My contrived term, the "volume-level" hash was imprecise. 
Your link to the logicube MD5 product was excellent.  That vendor
explains how they produce just such a hash as you described as a means
to certify and verify
that the two copies are identical. I appreciate your input.

Maniac-ga, 
Please proceed with an offical Answer.
Based on aht's comments and my review of them I hope it is clear to
you that I would be looking for some means, mechanism, method other
than hashing to certify a destination drive is identical.  If hashing
is the only way....

As for the "proprietary cloner software", the SME wouldn't tell me. Grrr.
Answer  
Subject: Re: details of making a physical copy of a harddrive
Answered By: maniac-ga on 13 Apr 2004 15:42 PDT
Rated:4 out of 5 stars
 
Hello Grthumongous,

OK. I'll first describe a method that worked "way back when" and then
summarize how more modern disk duplicators work.

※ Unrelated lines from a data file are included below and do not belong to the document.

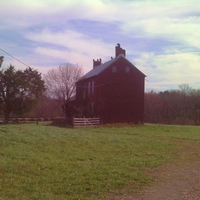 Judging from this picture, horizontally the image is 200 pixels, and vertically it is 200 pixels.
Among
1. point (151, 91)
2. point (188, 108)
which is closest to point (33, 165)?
point (188, 108)

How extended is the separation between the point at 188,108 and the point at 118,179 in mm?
54623

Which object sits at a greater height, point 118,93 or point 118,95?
point 118,93

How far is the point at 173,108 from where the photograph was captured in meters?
62.9

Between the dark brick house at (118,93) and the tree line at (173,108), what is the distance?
19.9m

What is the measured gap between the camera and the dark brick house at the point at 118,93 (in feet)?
134

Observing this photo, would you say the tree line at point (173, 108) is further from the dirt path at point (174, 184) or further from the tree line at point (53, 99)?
the dirt path at point (174, 184)

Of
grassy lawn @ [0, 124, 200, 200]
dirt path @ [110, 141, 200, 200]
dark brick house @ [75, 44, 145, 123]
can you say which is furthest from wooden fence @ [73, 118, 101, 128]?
dirt path @ [110, 141, 200, 200]

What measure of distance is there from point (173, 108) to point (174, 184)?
55.2 m

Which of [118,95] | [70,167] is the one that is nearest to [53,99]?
[118,95]

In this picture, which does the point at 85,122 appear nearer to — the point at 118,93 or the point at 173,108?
the point at 118,93

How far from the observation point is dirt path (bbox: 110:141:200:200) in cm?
759

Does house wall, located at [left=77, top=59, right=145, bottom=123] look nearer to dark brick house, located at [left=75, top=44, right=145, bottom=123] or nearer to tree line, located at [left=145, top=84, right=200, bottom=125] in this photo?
dark brick house, located at [left=75, top=44, right=145, bottom=123]

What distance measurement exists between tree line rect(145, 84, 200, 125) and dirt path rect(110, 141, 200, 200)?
49.1 metres

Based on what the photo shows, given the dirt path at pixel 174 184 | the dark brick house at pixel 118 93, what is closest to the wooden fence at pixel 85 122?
the dark brick house at pixel 118 93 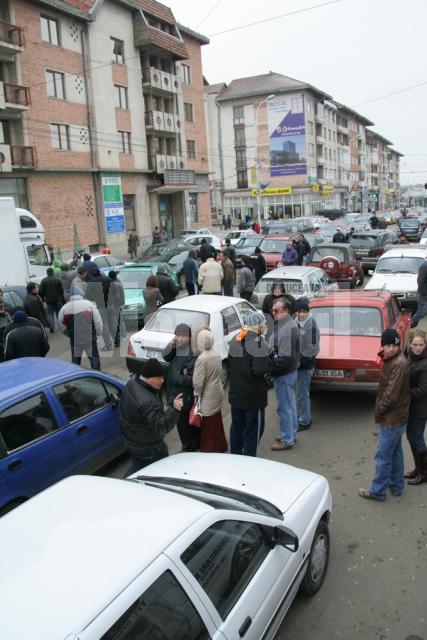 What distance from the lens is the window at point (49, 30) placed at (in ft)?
96.5

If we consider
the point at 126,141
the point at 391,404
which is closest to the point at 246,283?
the point at 391,404

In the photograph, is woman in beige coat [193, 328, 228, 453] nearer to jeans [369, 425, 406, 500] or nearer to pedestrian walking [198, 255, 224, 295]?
jeans [369, 425, 406, 500]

I ended up writing the program because a customer test failed. When we
did the analysis, it turns out the boot sector was not initialized. It
turns out the "copy volume" utility we were using on a system did not
initialize the boot sector. Sigh.

The copy program itself was quite simple. It had a look up table of
the disk types we used (300 Mbyte, 13 Mbyte, 5 Mbyte) and based on the
type of disk - looked up the geometry of the disk
 - number of cylinders
 - number of platters
 - number of blocks per cylinder
Then there were three nested loops, one for the cylinder, one for the
platter, and the third for the block within the cylinder / platter.
Within the innermost loop, the steps were
 - write formatting information to the block on destination disk
 - read block from source disk
 - write block to destination disk
The format step was needed since we occasionally received blank disks
which had no formatting information included.

The compare disk program was the same code with the innermost loop replaced with:
 - read block from source disk
 - read block from destination disk
 - compare the two blocks, byte by byte
and generating an error message if any byte did not compare.

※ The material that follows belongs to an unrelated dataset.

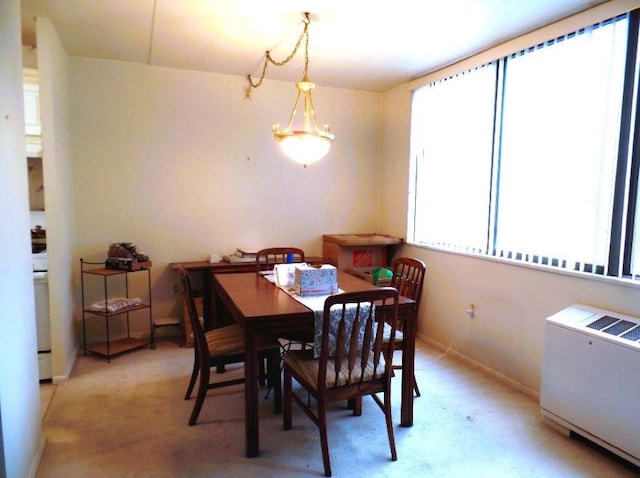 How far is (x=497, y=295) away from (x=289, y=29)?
251cm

These programs worked quite efficiently. The maximum data transfer
rates for the disks was about 3 Mbyte/sec and with the largest disk
(300 Mbyte), the programs would take a few minutes to complete. After
we wrote these two programs, we never had the same problem with
customer testing again.

That was in the mid 80's. Today, disks are a lot faster and store a
lot more information but the basic approach is the same. The drive
mechanisms are a lot better now as well - for example, there is "bad
block replacement" where the drive will automatically stop using a bad
(or marginal) disk block and replace it with an unused block. In this
way - operating systems (and hardware duplicators) generally treat the
disk as a sequence of blocks starting at zero and going up to the
maximum block number. That simplifies the design of disk duplication
programs quite a bit.

For example, on a Linux (or Unix) system, you can use a command such as
  dd if=/dev/hda of=/dev/hdb bs=32768
to copy disk "/dev/hda" to "/dev/hdb" and can use a command such as
  cmp /dev/hda /dev/hdb
to compare two disks. Neither program generate any messages unless an
error occurs. I have actually used commands like these within the last
few years and they work just fine.

As another example, you can download a package such as "Tom's Root Boot Disk"
  http://www.toms.net/rb/
or described briefly at
  http://www.toms.net/rb/tomsrtbt.FAQ
which describes how to download and create a boot floppy that has the
utilities described above. In this way, you can take any old PC and
turn it into a "poor man's" disk duplicator.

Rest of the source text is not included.